=== Section Start ===

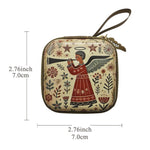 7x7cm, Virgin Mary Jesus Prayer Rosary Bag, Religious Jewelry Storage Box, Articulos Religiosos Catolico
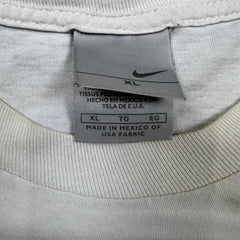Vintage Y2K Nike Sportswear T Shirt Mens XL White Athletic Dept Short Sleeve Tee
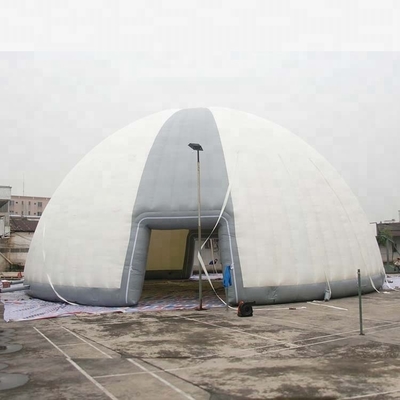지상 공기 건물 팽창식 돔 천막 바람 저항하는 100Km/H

=== Section End ===

_ACTIVITY_
Except for the pictures, give all the material above again verbatim.

_EXERCISE RESPONSE_
 7x7cm, Virgin Mary Jesus Prayer Rosary Bag, Religious Jewelry Storage Box, Articulos Religiosos Catolico
Vintage Y2K Nike Sportswear T Shirt Mens XL White Athletic Dept Short Sleeve Tee
지상 공기 건물 팽창식 돔 천막 바람 저항하는 100Km/H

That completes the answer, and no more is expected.